Brute force, even though it’s gotten so fast, is still a long way away from cracking long complex passwords. That’s were word lists come in handy. It’s usually the crackers first go-to solution, slam a word list against the hash, if that doesn’t work, try rainbow tables (if they happen to have the tables for that specific hash type), and then the full on brute force. Some would say those first two steps are reversed, and it really is the choice of the the person doing it and the word lists they have to work with.

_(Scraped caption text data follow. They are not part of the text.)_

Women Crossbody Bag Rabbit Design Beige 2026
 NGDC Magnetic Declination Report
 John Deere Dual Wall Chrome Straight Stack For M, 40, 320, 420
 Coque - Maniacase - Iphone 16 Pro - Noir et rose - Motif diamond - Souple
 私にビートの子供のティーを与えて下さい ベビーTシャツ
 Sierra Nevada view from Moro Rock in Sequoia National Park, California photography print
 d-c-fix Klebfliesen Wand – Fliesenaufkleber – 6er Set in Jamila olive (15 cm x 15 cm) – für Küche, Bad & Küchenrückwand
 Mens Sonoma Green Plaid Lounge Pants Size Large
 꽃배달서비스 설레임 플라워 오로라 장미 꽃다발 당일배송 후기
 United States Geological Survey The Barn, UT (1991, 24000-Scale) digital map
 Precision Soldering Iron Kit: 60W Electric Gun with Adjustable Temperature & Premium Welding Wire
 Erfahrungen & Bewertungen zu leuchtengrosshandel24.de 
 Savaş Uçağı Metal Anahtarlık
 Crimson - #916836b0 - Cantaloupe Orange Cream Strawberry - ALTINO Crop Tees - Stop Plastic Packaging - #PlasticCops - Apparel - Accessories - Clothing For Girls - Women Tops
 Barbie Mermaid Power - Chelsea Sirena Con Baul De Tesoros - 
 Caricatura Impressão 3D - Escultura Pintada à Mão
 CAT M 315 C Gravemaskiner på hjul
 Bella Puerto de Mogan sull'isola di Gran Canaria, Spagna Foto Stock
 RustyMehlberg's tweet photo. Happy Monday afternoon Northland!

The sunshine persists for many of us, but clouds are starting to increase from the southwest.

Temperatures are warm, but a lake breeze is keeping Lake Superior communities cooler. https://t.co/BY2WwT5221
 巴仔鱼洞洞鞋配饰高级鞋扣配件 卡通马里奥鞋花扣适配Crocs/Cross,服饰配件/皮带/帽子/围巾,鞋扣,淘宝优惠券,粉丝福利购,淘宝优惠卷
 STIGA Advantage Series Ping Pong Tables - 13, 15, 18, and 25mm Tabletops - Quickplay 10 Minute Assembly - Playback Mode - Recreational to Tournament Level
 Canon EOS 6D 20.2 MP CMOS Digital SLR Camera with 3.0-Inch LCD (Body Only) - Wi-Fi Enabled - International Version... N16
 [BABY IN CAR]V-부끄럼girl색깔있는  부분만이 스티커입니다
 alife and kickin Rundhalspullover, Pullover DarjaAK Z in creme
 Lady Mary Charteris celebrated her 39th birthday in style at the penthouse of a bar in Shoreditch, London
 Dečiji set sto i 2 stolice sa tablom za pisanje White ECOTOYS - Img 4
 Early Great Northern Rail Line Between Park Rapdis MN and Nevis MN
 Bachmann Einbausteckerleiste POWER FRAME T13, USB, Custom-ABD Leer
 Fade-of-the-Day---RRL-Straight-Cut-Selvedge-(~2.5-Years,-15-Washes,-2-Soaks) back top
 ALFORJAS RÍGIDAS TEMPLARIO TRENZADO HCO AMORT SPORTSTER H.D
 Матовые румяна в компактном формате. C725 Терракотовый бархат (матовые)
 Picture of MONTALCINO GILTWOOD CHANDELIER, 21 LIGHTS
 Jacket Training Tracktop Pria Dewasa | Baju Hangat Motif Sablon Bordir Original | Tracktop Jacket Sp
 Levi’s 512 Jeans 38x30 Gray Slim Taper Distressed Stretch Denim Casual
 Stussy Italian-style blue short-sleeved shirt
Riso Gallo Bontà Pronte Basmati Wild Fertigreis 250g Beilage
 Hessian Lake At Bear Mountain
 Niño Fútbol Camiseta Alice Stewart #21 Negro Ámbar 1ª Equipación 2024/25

Matt Weir and company created a cool tool that has the best of both worlds, Dictionary based Rainbow Tables with Dr-Crack, which you can find here:
http://reusablesec.googlepages.com/drcrack
But, back to the reason of this post, word lists. Where do you get them? Here are a couple of my favorite places in no particular order:
http://www.packetstormsecurity.org/Crackers/wordlists/
http://www.theargon.com/achilles/wordlists/
http://www.openwall.com/wordlists/
http://www.outpost9.com/files/WordLists.html
I like to keep 3 size word lists:
1. small and fast: usually based on the output of one of the tools i’m about to tell you about
2. medium: this is my custom list that I add passwords I find / crack and generally think are good to add. I’m pretty picky about what goes into this list
3. huge: any wordlist I come across gets added to this list, it gets sorted and uniqued and restored
Now the two tools that I like for the small list is are CeWL and wyd
CeWL – http://www.digininja.org/projects/cewl.php
Wyd – http://www.remote-exploit.org/codes_wyd.html
They have some very similar lists of features, your mileage may vary. But they basically parse files and web pages for words and generate password lists based on the words found.